The text for Badagarang, which was commissioned by Rita Varonen and the Cantinovum Chamber Choir from Finland, is based on five Australian Aboriginal words for “kangaroo”. (There were more than 250 Aboriginal languages spoken in Australia at the time Western civilisation arrived.)
The words are:
- Badagarang – Eastern Grey kangaroo – Sydney (New South Wales)
- Mabi – tree-climbing kangaroo – Ngadjon (Malanda, North Queensland)
- Nganggungu – old boomer (male) kangaroo – Yindjibardi (Pilbara region, north-western Australia)
- Bayiwanarra – Plains kangaroo – Yindjibardi
- Parra – Red kangaroo – Wembawemba (western Victoria)

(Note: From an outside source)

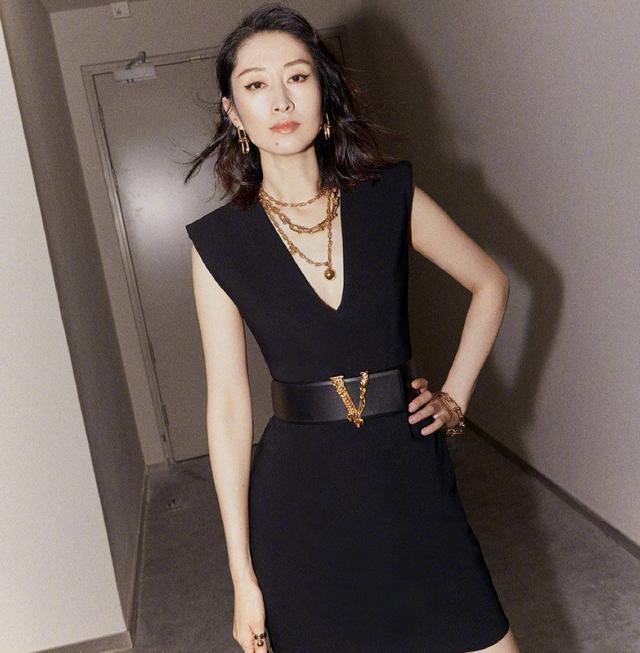 今年夏天流行的“纯欲风”怎么穿?看看这3款裙子,又纯又撩人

The opening passage represents a sunrise over the grasslands where the kangaroos are grazing. At first, all that can be seen are glimpses of their ears just above the grass line. With a “tch tch” (tongue click) sound, they then draw themselves up to full height. The piece has a predominance of small interlocking motifs over a pedal or drone bass simulating the traditional didgeridoo’s throbbing fundamental with nasal resonating words in upper parts for tonal colour.
The middle section represents a night scene where the plains kangaroo (bayiwanarra) chants. In the final section (from bar 97) the glissandos, sung on ‘ng’ , represent a kangaroo jumping three times, with each jump a little higher than the last. And finally the kangaroo lands with a ‘tch, tch’ and a stomp.
Performance notes on pronunciation etc. are included with the score. This is an atmospheric performance piece, which could be enhanced with a visual component.